▶ **EXERCISE**:
Only one stretch of the records below is wanted: the lines from the one holding "Building Photo - 10275 Collins Ave" through the one holding "678 Warburton Avenue 6L, Yonkers NY 10701". Return it exactly, both ends included.

▶ **SUPPLIED DATA**:
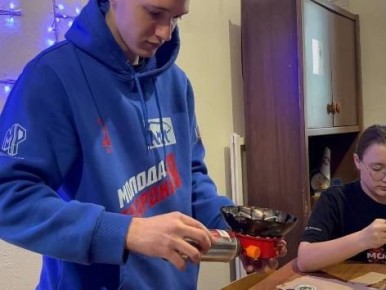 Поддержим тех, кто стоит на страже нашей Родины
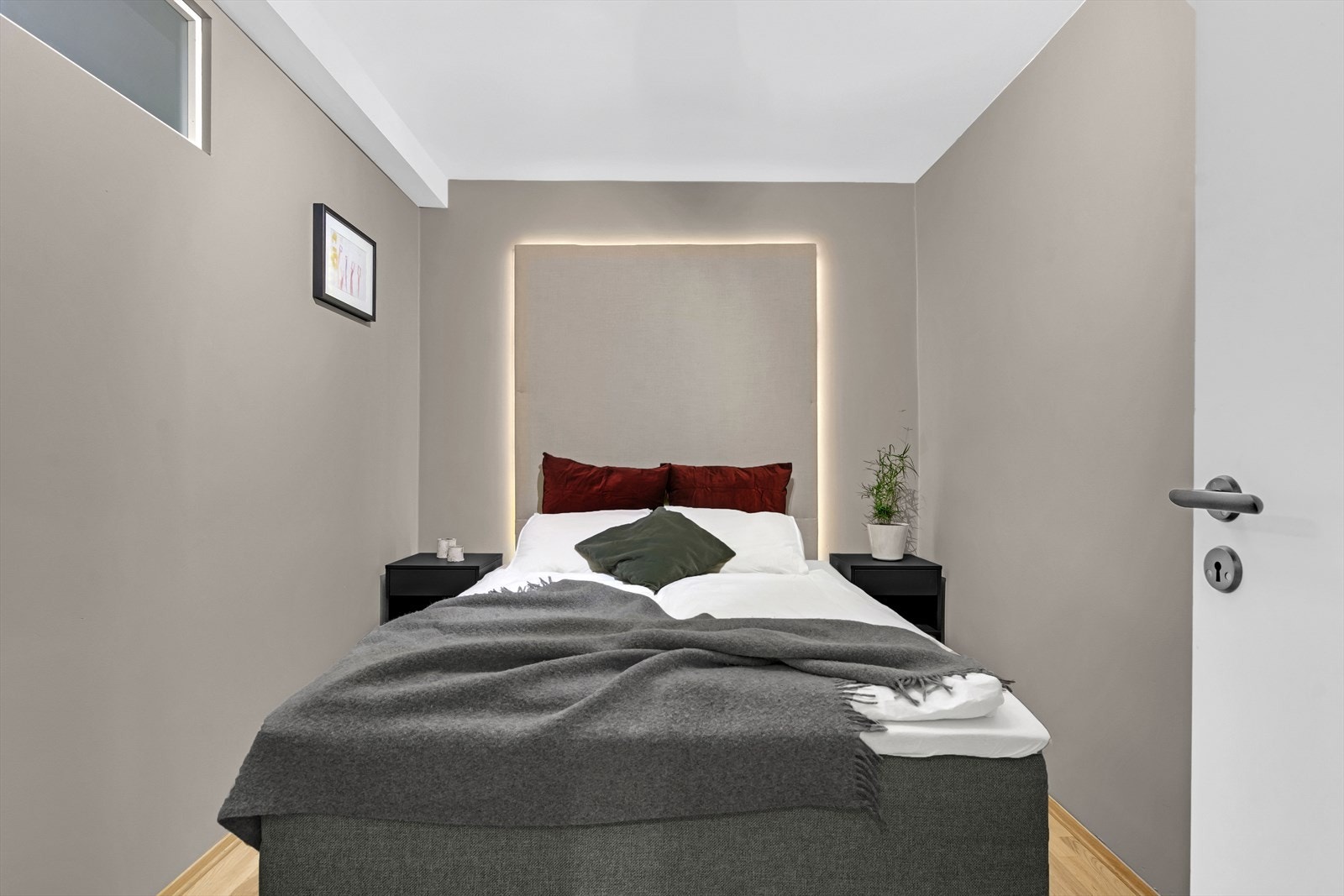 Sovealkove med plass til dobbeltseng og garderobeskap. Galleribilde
==
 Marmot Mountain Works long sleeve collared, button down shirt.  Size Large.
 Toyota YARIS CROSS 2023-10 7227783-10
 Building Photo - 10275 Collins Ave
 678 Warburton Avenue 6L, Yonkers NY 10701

▶ **RESULT**:
 Building Photo - 10275 Collins Ave
 678 Warburton Avenue 6L, Yonkers NY 10701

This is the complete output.